Start of Given records

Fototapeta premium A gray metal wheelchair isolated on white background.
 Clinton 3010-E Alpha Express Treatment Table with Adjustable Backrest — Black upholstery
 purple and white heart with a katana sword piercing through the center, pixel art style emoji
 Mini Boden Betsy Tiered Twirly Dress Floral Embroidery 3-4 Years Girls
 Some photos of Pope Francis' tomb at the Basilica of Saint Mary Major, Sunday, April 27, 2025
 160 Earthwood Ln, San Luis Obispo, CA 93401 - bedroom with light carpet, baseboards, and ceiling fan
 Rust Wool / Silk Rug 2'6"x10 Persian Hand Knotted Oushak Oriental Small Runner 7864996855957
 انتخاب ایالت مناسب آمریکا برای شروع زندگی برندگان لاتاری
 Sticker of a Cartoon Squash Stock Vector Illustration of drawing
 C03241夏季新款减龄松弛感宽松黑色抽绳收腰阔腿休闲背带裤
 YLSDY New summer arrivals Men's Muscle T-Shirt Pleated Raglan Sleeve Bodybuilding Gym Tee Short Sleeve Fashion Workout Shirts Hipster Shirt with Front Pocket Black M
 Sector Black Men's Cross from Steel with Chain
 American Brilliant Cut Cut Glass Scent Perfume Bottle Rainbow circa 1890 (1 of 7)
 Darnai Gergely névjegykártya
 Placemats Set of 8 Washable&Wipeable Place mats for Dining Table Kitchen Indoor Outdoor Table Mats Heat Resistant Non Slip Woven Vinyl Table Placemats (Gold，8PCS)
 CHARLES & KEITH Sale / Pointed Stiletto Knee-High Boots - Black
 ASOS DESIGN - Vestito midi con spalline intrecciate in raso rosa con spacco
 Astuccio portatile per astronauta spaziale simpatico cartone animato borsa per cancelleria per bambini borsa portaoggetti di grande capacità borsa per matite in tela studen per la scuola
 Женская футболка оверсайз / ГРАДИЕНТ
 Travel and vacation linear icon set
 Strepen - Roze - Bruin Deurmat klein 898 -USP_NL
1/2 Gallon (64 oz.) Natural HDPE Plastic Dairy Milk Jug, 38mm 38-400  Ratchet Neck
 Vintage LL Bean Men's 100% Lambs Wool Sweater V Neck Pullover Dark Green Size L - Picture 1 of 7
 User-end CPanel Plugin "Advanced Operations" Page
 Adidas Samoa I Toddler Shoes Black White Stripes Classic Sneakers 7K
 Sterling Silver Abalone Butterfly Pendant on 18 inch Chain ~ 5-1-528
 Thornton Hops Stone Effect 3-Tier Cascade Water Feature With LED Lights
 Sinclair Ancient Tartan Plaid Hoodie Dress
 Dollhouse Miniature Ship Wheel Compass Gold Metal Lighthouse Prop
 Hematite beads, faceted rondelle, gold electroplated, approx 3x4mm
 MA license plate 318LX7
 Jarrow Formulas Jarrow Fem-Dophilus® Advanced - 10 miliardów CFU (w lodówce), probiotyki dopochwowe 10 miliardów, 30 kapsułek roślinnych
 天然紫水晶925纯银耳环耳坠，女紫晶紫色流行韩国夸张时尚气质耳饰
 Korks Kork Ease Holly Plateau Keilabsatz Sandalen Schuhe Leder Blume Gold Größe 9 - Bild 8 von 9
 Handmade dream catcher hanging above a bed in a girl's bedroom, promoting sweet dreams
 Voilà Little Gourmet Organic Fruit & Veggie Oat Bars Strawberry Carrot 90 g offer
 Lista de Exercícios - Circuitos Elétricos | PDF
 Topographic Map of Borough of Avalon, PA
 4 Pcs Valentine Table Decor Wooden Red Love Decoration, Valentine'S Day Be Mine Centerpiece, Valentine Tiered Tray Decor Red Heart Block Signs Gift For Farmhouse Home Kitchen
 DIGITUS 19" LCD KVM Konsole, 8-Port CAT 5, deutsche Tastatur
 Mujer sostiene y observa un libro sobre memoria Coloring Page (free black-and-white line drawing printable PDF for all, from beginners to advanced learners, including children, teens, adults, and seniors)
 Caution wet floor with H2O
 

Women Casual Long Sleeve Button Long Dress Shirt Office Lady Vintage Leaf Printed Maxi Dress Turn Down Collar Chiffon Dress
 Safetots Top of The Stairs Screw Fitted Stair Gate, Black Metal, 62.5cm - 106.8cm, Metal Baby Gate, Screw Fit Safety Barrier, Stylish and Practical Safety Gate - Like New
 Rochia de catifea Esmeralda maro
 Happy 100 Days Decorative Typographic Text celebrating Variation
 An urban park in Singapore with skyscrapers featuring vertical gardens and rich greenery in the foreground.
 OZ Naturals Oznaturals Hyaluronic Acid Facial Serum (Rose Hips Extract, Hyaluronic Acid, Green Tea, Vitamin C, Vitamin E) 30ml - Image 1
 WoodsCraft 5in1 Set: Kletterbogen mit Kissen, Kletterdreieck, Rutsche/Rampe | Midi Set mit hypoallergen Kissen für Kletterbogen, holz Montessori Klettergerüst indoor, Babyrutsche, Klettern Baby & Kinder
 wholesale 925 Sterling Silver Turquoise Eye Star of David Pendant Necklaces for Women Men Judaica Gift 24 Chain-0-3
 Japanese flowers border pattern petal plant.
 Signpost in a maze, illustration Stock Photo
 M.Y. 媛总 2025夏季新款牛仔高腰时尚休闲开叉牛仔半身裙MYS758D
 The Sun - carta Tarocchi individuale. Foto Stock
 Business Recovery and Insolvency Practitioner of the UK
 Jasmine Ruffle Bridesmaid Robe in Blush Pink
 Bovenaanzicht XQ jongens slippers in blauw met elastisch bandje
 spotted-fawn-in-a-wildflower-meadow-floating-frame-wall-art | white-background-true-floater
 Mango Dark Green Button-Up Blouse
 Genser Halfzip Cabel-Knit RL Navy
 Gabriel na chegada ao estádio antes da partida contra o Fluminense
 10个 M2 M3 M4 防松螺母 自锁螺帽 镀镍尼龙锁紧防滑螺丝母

End of Given records

◆ **Aim of the task**:
Taking the listing above as the source, transcribe only the lines starting at the line with "Astuccio portatile per" and going through the line with "Women Casual Long", unaltered and with both ends included.

◆ **Response box**:
 Astuccio portatile per astronauta spaziale simpatico cartone animato borsa per cancelleria per bambini borsa portaoggetti di grande capacità borsa per matite in tela studen per la scuola
 Женская футболка оверсайз / ГРАДИЕНТ
 Travel and vacation linear icon set
 Strepen - Roze - Bruin Deurmat klein 898 -USP_NL
1/2 Gallon (64 oz.) Natural HDPE Plastic Dairy Milk Jug, 38mm 38-400  Ratchet Neck
 Vintage LL Bean Men's 100% Lambs Wool Sweater V Neck Pullover Dark Green Size L - Picture 1 of 7
 User-end CPanel Plugin "Advanced Operations" Page
 Adidas Samoa I Toddler Shoes Black White Stripes Classic Sneakers 7K
 Sterling Silver Abalone Butterfly Pendant on 18 inch Chain ~ 5-1-528
 Thornton Hops Stone Effect 3-Tier Cascade Water Feature With LED Lights
 Sinclair Ancient Tartan Plaid Hoodie Dress
 Dollhouse Miniature Ship Wheel Compass Gold Metal Lighthouse Prop
 Hematite beads, faceted rondelle, gold electroplated, approx 3x4mm
 MA license plate 318LX7
 Jarrow Formulas Jarrow Fem-Dophilus® Advanced - 10 miliardów CFU (w lodówce), probiotyki dopochwowe 10 miliardów, 30 kapsułek roślinnych
 天然紫水晶925纯银耳环耳坠，女紫晶紫色流行韩国夸张时尚气质耳饰
 Korks Kork Ease Holly Plateau Keilabsatz Sandalen Schuhe Leder Blume Gold Größe 9 - Bild 8 von 9
 Handmade dream catcher hanging above a bed in a girl's bedroom, promoting sweet dreams
 Voilà Little Gourmet Organic Fruit & Veggie Oat Bars Strawberry Carrot 90 g offer
 Lista de Exercícios - Circuitos Elétricos | PDF
 Topographic Map of Borough of Avalon, PA
 4 Pcs Valentine Table Decor Wooden Red Love Decoration, Valentine'S Day Be Mine Centerpiece, Valentine Tiered Tray Decor Red Heart Block Signs Gift For Farmhouse Home Kitchen
 DIGITUS 19" LCD KVM Konsole, 8-Port CAT 5, deutsche Tastatur
 Mujer sostiene y observa un libro sobre memoria Coloring Page (free black-and-white line drawing printable PDF for all, from beginners to advanced learners, including children, teens, adults, and seniors)
 Caution wet floor with H2O
 

Women Casual Long Sleeve Button Long Dress Shirt Office Lady Vintage Leaf Printed Maxi Dress Turn Down Collar Chiffon Dress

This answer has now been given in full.